Notice of Special Interest (NOSI): Administrative Supplement for NCI Cancer Prevention-Interception Targeted Agent Discovery Program (CAP-IT)
Notice Number:
NOT-CA-23-012

Key Dates

Release Date:

November 17, 2022

First Available Due Date:
February 28, 2023
Expiration Date:
March 01, 2023

Related Announcements

PA-20-272 - Administrative Supplements to Existing NIH Grants and Cooperative Agreements (Parent Admin Supp Clinical Trial Optional)
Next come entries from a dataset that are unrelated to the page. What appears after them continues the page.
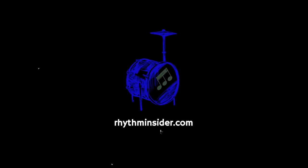If you subscribe to my newsletter, Rhythm Insider at rhythminsider.com, you'll get a free gift when you confirm your subscription.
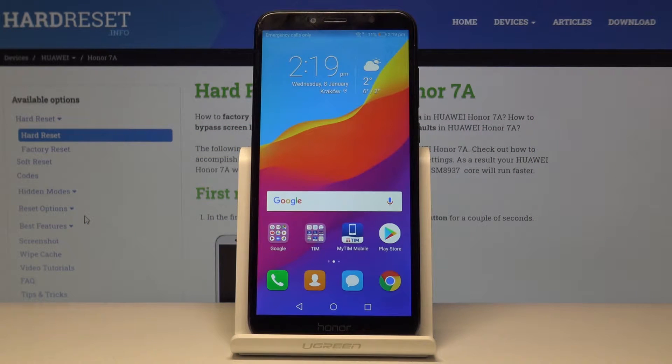Welcome. This is the Honor 7a, and today I will show you how to copy contacts from SIM to the device.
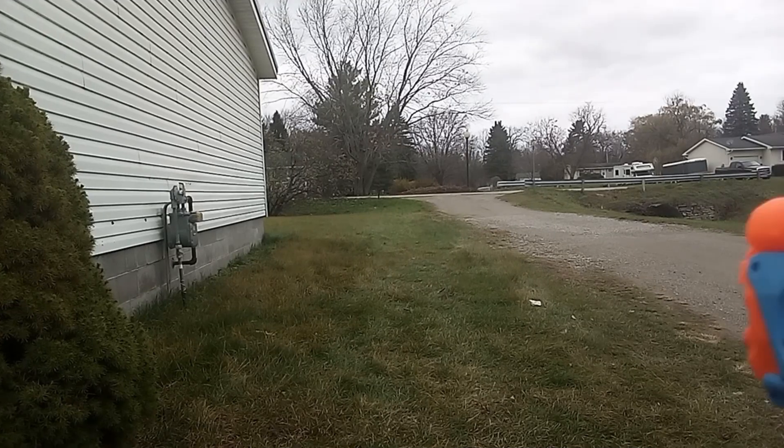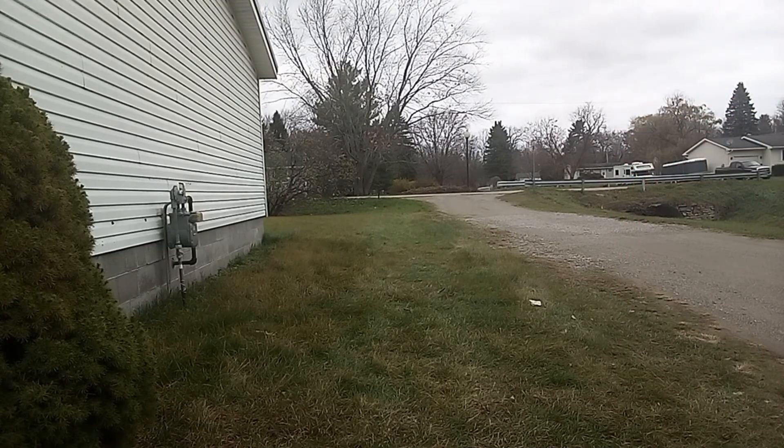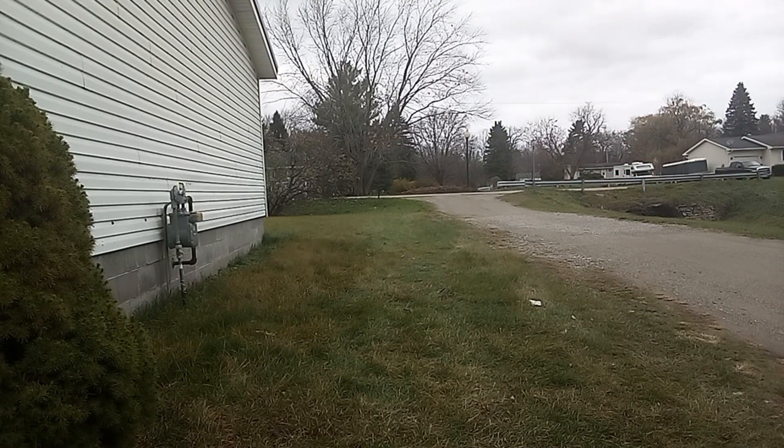Now let's get into the waffle tip darts. Even waffle tips are shooting farther. It's a good thing — I think they're better darts. Last two shots.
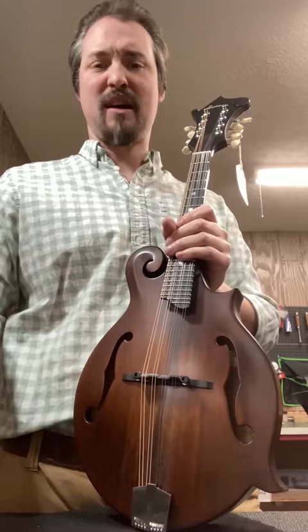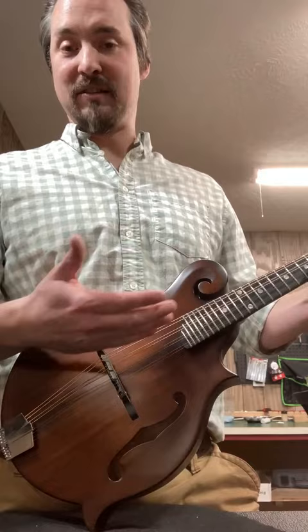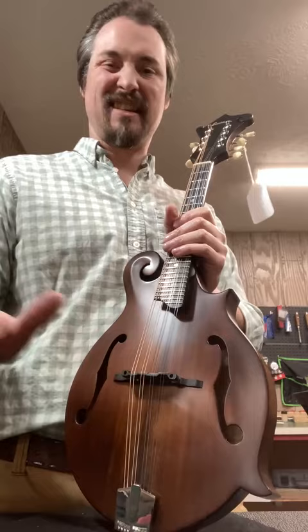For this mandolin, for instance, all I have to do with these is flatten the neck, raise the action at the saddle, adjust the nut slots, and then dial in the intonation, and that's it. It's a breeze.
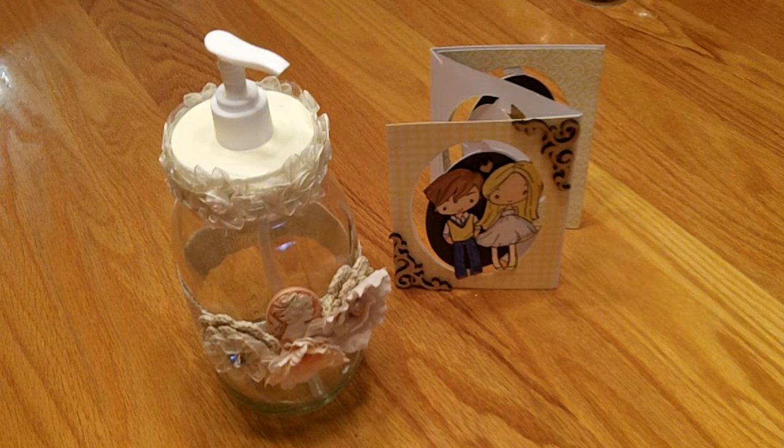Hello my crafting friends. I'm coming today with a project share — what you're looking at is a wedding card I made and an altered soap dispenser.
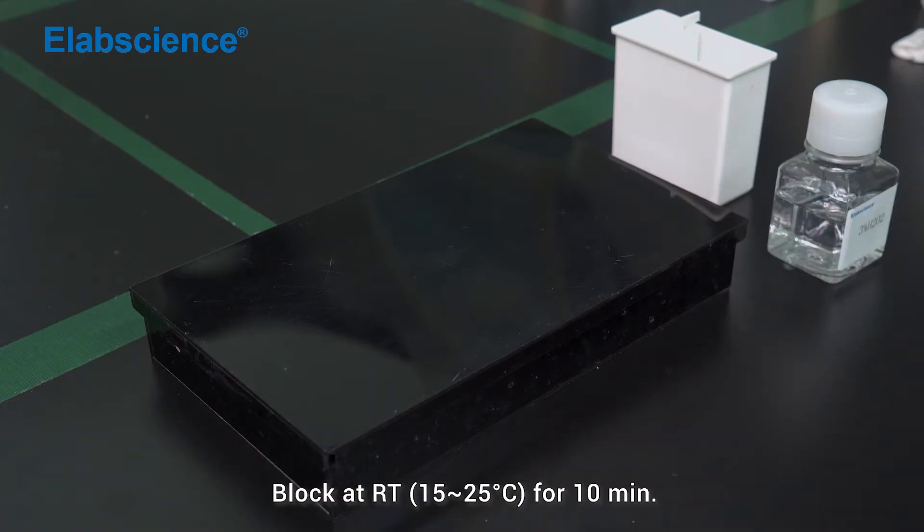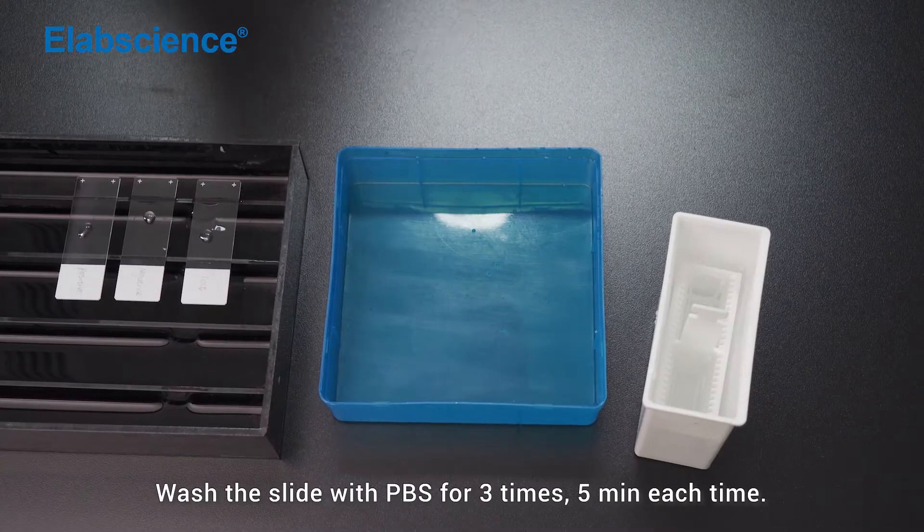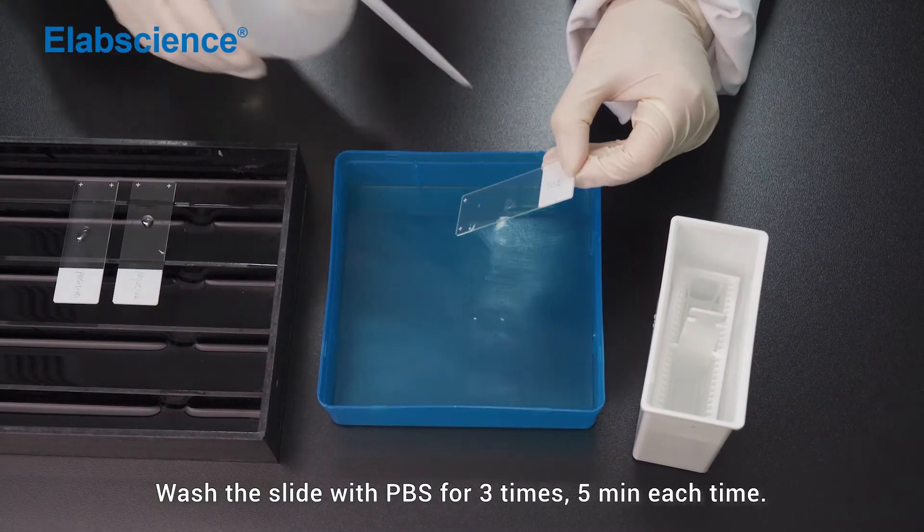Block at room temperature for 10 minutes. Wash the slide with PBS for 3 times, 5 minutes each time.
RFA-CA-22-055 - Cancer Prevention-Interception Targeted Agent Discovery Program (CAP-IT) Centers (U54 Clinical Trial Not Allowed) Published
RFA-CA-21-038 - Cancer Prevention-Interception Targeted Agent Discovery Program (CAP-IT) Centers (U54 Clinical Trial Not Allowed)

Issued by

National Cancer Institute (NCI)

Purpose

This Notice of Special Interest informs current National Cancer Institute (NCI) U24 awardees that the National Cancer Institute (NCI) is providing the opportunity for supplemental funding to establish a centralized database and manage ongoing and future activities of the Cancer Prevention-Interception Targeted Agent Discovery Program (CAP-IT) formed by RFA-CA-21-038 and RFA-CA-22-055. Through this administrative supplement, the NCI seeks to establish the CAP-IT Data and Resource Coordination Center (CAP-IT DRCC) to enhance cross-network collaborations and rapid completion of projects, data access, and data sharing.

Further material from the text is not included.